What a wonderful world, with its skies of blue and clouds of white, the brightness of day, the dark sacred night.
Only the dark sacred night can be a dark scary place, an unhallowed precinct for predators preying specifically on young women.
Michael Connelly’s latest thriller, DARK SACRED NIGHT has his detective hero of some seventeen previous adventures, Harry Bosch, team up with his latest creation, Renee Ballard, to heat up a cold case that’s become personal.
Both Bosch and Ballard are working other cases separately, he with the San Fernando Police Department, she on the late show with the LAPD.
It’s a prickly pairing, both law enforcers swinging on a precarious pendulum of pragmatism over the pit of procedure and protocol. There’s blind eye turning and hand ear blunting as strict lawfulness is eschewed to snuff lawlessness.
But it’s a professional courtship that, while courting disaster, proves positive in the apprehension of perpetrators past and present.
Connelly continues to entertain and thrill with his perfect mix of police procedural and complex and contrasting character studies.
Bosch is getting more cantankerous with age, imbued with a feeling that there might not be much more time left to close the cold cases he’s become obsessed with. He has crisis of his own competence, although experience and instinct come to the fore to counterbalance any lapses in judgement.
His appraisal of Ballard is acute, for instance, forging an alliance that is not only case breaking but life saving. She is as diligent, dedicated and dogged a detective as Bosch, and, like him, has experienced the belligerence, bureaucracy and just plain bullshit of her employer.

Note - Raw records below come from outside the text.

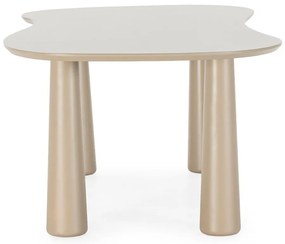 Beżowy stolik z blatem z drewna sosnowego 110x220 cm Nahia – MOME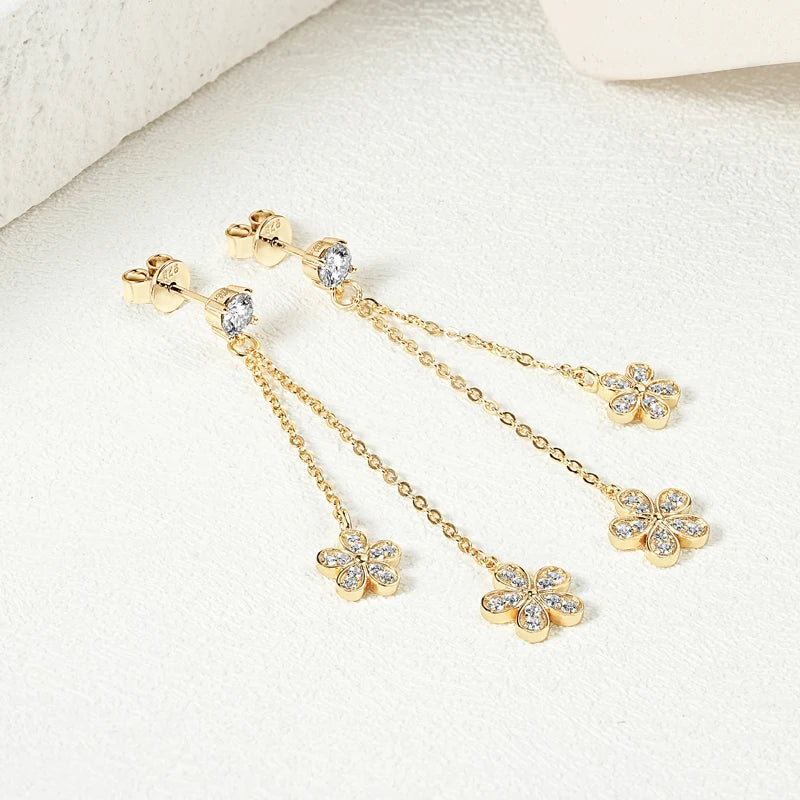 4mm VVS1 Moissanite Flower Drop Earrings – 925 Sterling Silver, Unique Girls' Studs, Birthday Gift Jewelry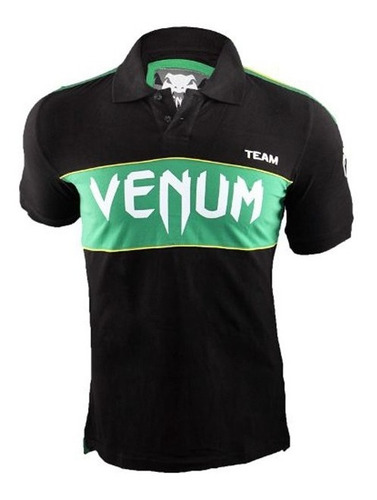 Remera Venum Team Polo Negro/verde-talle M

Ballard continues to grapple with the gender politics of the police department and the loss of her father at sea.
DARK SACRED NIGHT is subtitled A Ballard and Bosch Thriller, which, in tandem with the book’s Batman allusion finale, suggests this dynamic duo will team again.
Who knows, Mickey Hallar may get in on the act.
DARK SACRED NIGHT by Michael Connelly is published by Allen & Unwin.